Subject: [OMPI users] running MPI application and using C/R OpenMPI 1.5.3
From: Marcin Zielinski (Marcin.Zielinski_at_[hidden])
Date: 2011-05-30 05:25:30


Dear all,

After looking for various topics to solve my problem, I'm forced to turn
to You all in here. Tho I have to say, I did not find the following
problem yet. Could be something amazingly easy to solve.

Anyways, I'm running a MPI application, compiled with an OpenMPI 1.5.3.
OpenMPI 1.5.3 been compiled with BLCR support. BLCR been compiled with
no errors and works fine. The configure looks like this:
export CC='icc'
export CXX='icpc'
export F77='ifort'
export FC='ifort'
export F90='ifort'
export FCFLAGS='-O2'
export FFLAGS='-O2'
export CFLAGS='-O2'
export CXXFLAGS='-O2'
export OMP_NUM_THREADS='1'
# export CPP='cpp'

export LD_RUNPATH=$installdir/lib

make clean
./configure --prefix=$installdir \
   --enable-orterun-prefix-by-default \
   --with-openib=$ofed \
   --enable-mpi-threads \
   --enable-ft-thread \
   --with-ft=cr \
   --with-blcr=/path_to_blcr_0.8.2_build_dir/ \
   --with-blcr-libdir=/path_to_blcr_lib_dir/ \
   --disable-dlopen \
   && \
make && make install || exit

ifort and icc are:
$ ifort --version
ifort (IFORT) 11.0 20080930 / 11.0.069 64bit

$ icc --version
icc (ICC) 11.0 20080930 / 11.0.074 64bit

The MPI application (let's skip the name and what it does) runs
perfectly fine when invoking:
mpirun ./myapp < <inputfile for myapp> (running serial on parallel code)

and when invoking:
mpirun -n <nr of cores> ./myapp < <inputfile for myapp>

In both cases it always produces the right results from calculations.

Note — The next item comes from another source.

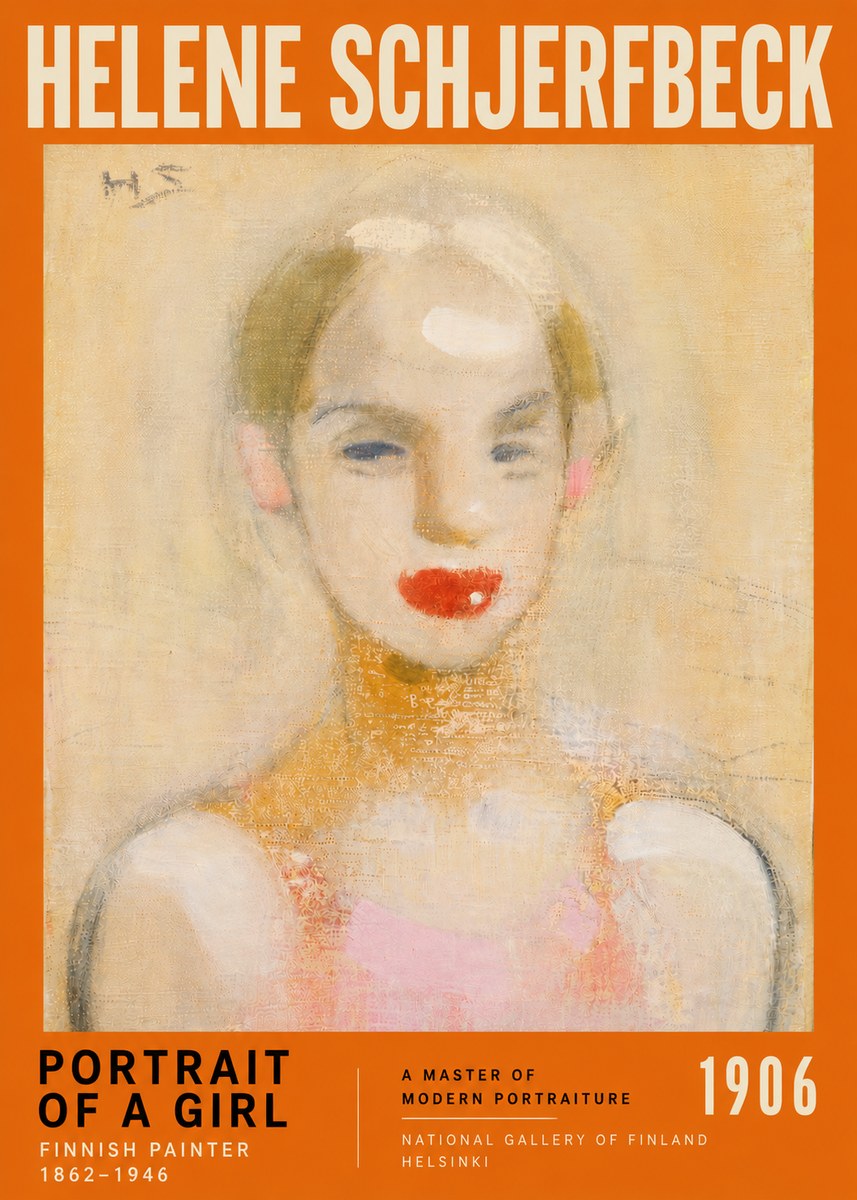 Helene Schjerfbeck Portrait of a Girl No6 - Póster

Now, enabling C/R works for one case only:
mpirun -am ft-enable-cr ./myapp < <inputfile for myapp> (running serial
on parallel code with C/R enabled)

later on, invoking ompi-checkpoint -s --term <MPIRUN PID>
produces a nice global snapshot and
ompi-restart <GLOBAL SNAPSHOT NAME>
re-runs the calculations from the checkpointed point perfectly fine,
finishing it to the end with a proper results.

Now, invoking
mpirun -n <nr of cores > 1> -am ft-enable-cr ./myapp < <inputfile for myapp>

and checkpointing:
ompi-checkpoint -s --term <MPIRUN PID>
produces the following error for myapp (in case of -n 2):

forrtl: severe (174): SIGSEGV, segmentation fault occurred
forrtl: severe (174): SIGSEGV, segmentation fault occurred
[hostname:29664] local) Error: Unable to read state from named pipe
(/global_dir/opal_cr_prog_write.29666). 0
[hostname:29664] [[27518,0],0] ORTE_ERROR_LOG: Error in file
snapc_full_local.c at line 1602
--------------------------------------------------------------------------
mpirun has exited due to process rank 1 with PID 29666 on
node hostname exiting improperly. There are two reasons this could occur:

1. this process did not call "init" before exiting, but others in
the job did. This can cause a job to hang indefinitely while it waits
for all processes to call "init". By rule, if one process calls "init",
then ALL processes must call "init" prior to termination.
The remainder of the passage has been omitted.